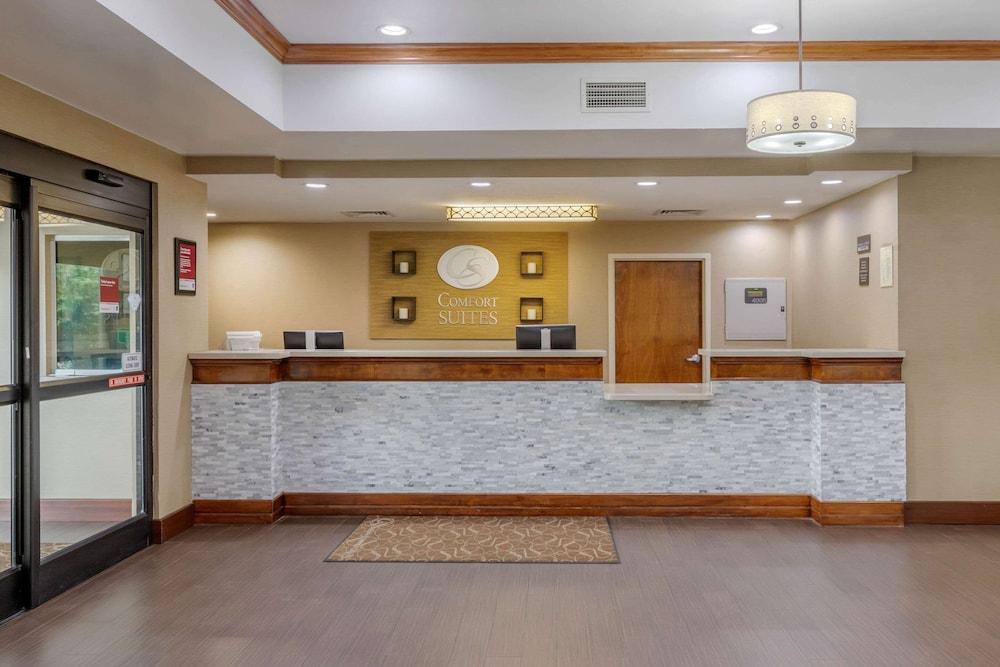 Comfort Suites Johnson City Near University Extérieur photo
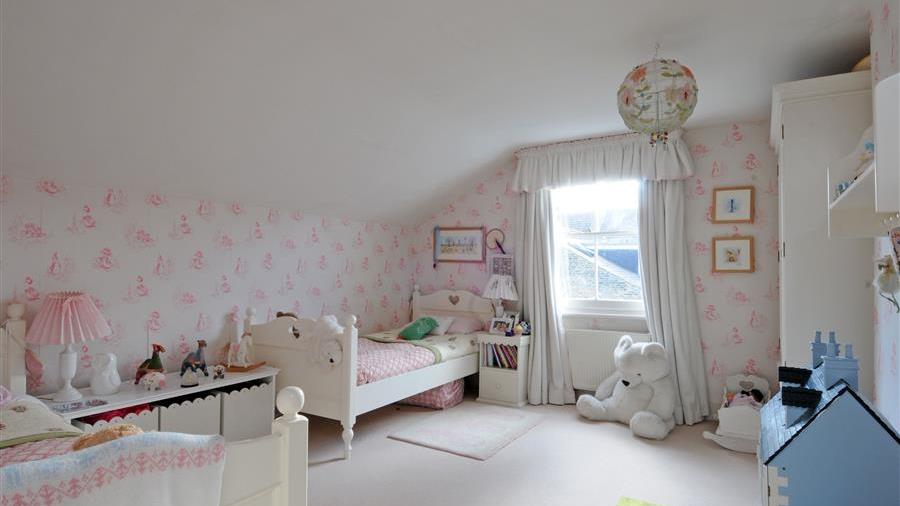 Fourth Bedroom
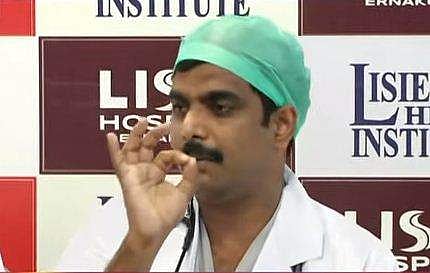 ഇടതുപക്ഷമാണ് ഹൃദയപക്ഷം; സ്ഥാനാര്‍ഥിയാകാന്‍ കഴിഞ്ഞത് ഭാഗ്യം; ജോ ജോസഫ്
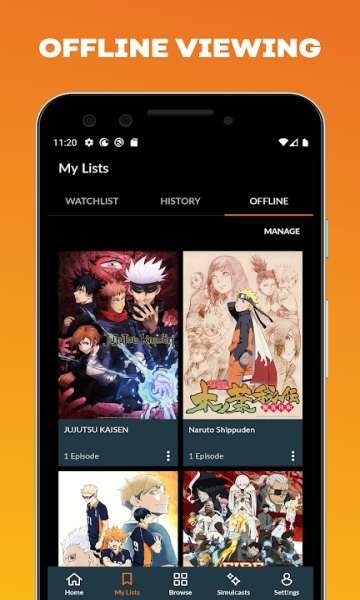 Crunchyroll翻译  v2.1图3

------------------------------

(Aim of the task) Return, exactly and without extra lines, everything from the line with "Fourth Bedroom" through the last line of the material above, both included. Pictures must be dropped.

(Answer to this task)
 Fourth Bedroom
 ഇടതുപക്ഷമാണ് ഹൃദയപക്ഷം; സ്ഥാനാര്‍ഥിയാകാന്‍ കഴിഞ്ഞത് ഭാഗ്യം; ജോ ജോസഫ്
 Crunchyroll翻译  v2.1图3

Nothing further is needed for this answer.